TASK TO COMPLETE: Leaving out any pictures, transcribe every record exactly.

Captioned web images
◇ ◇ ◇
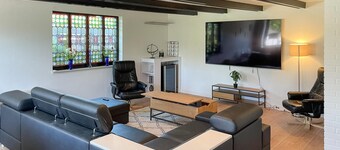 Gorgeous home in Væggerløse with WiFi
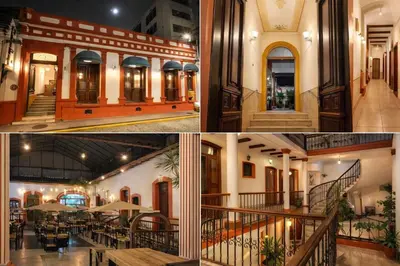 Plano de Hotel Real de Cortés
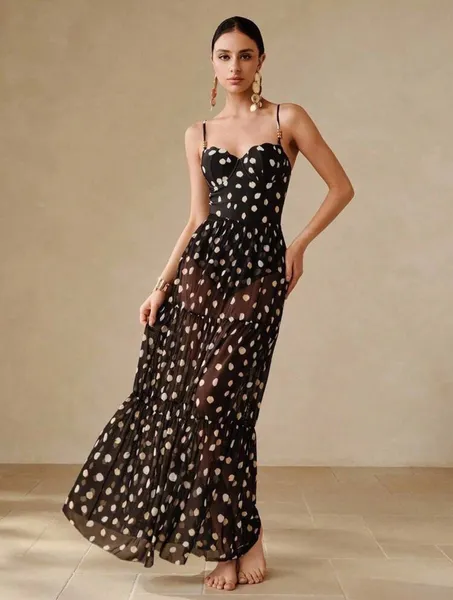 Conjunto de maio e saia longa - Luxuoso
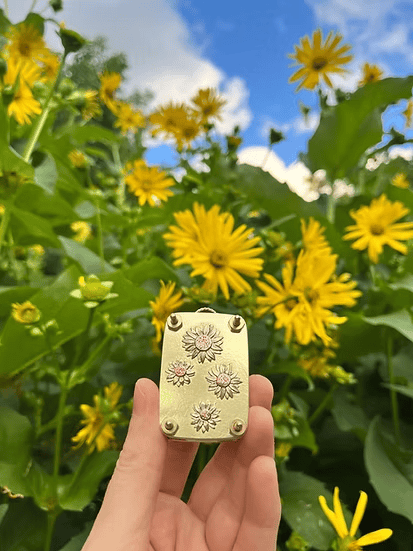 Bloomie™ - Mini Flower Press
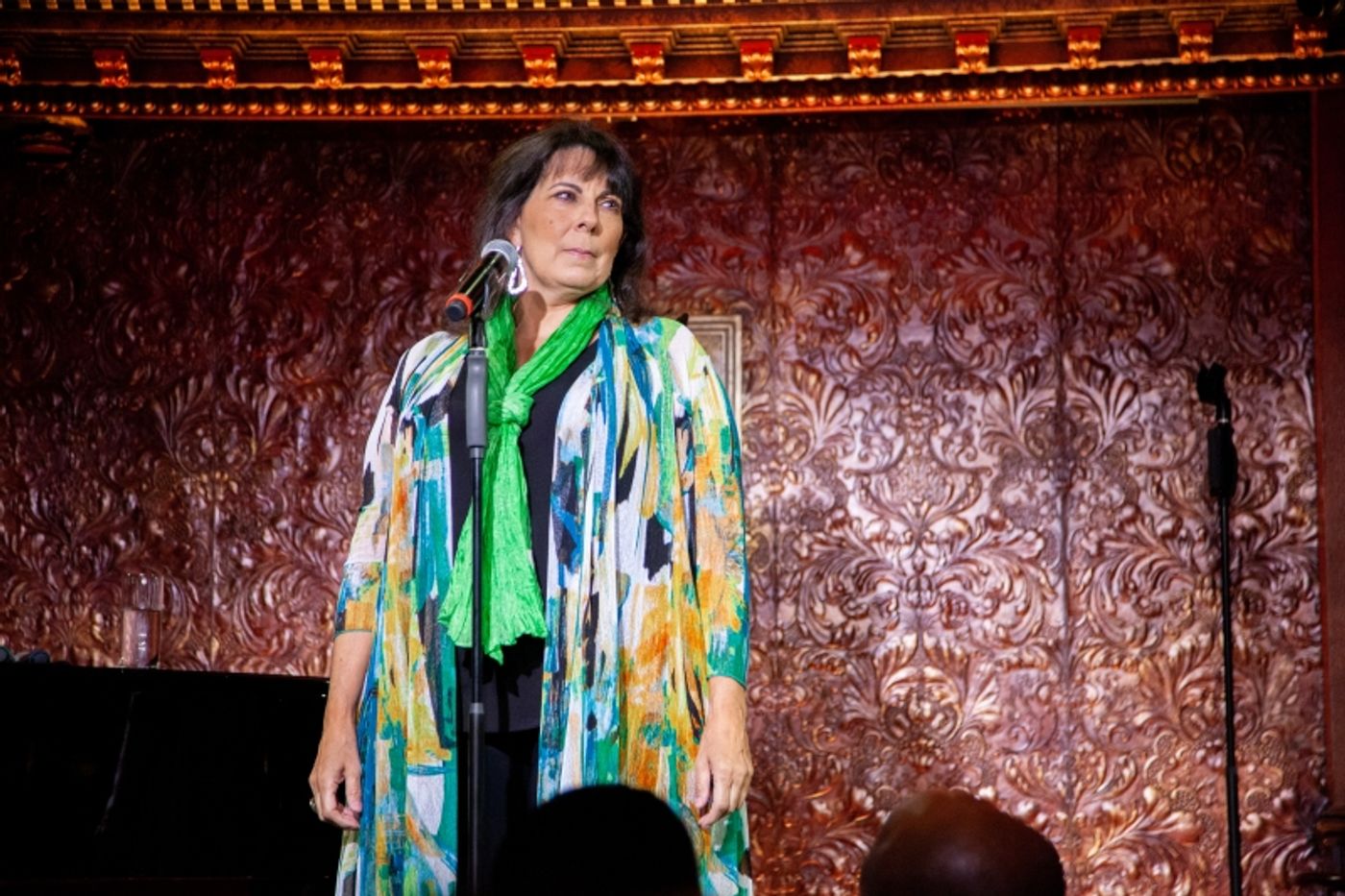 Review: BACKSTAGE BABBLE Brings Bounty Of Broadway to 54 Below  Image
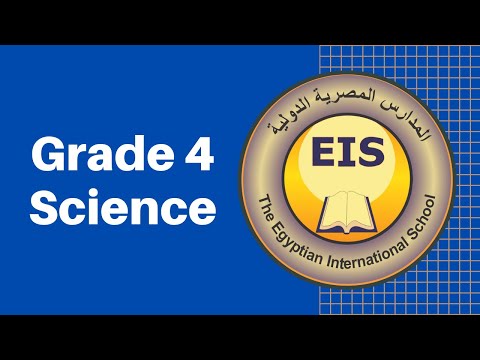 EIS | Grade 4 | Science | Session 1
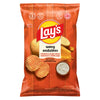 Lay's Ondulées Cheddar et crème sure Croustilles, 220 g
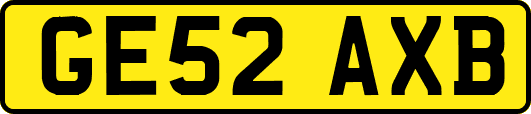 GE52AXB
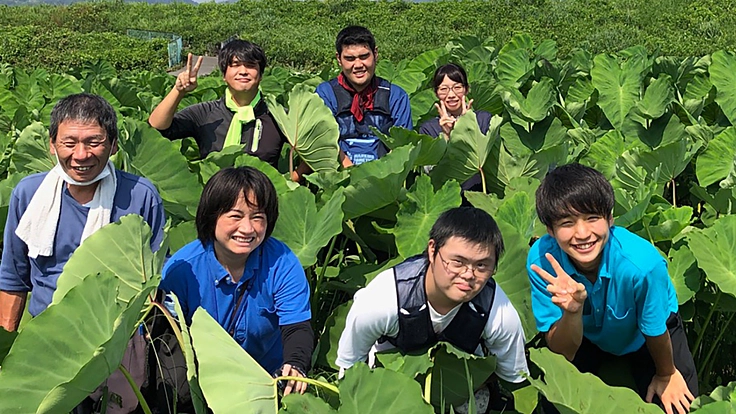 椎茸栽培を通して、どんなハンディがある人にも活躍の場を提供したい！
◇ ◇ ◇
RESPONSE TO THE TASK:
 Gorgeous home in Væggerløse with WiFi
 Plano de Hotel Real de Cortés
 Conjunto de maio e saia longa - Luxuoso
 Bloomie™ - Mini Flower Press
 Review: BACKSTAGE BABBLE Brings Bounty Of Broadway to 54 Below  Image
 EIS | Grade 4 | Science | Session 1
 Lay's Ondulées Cheddar et crème sure Croustilles, 220 g
 GE52AXB
 椎茸栽培を通して、どんなハンディがある人にも活躍の場を提供したい！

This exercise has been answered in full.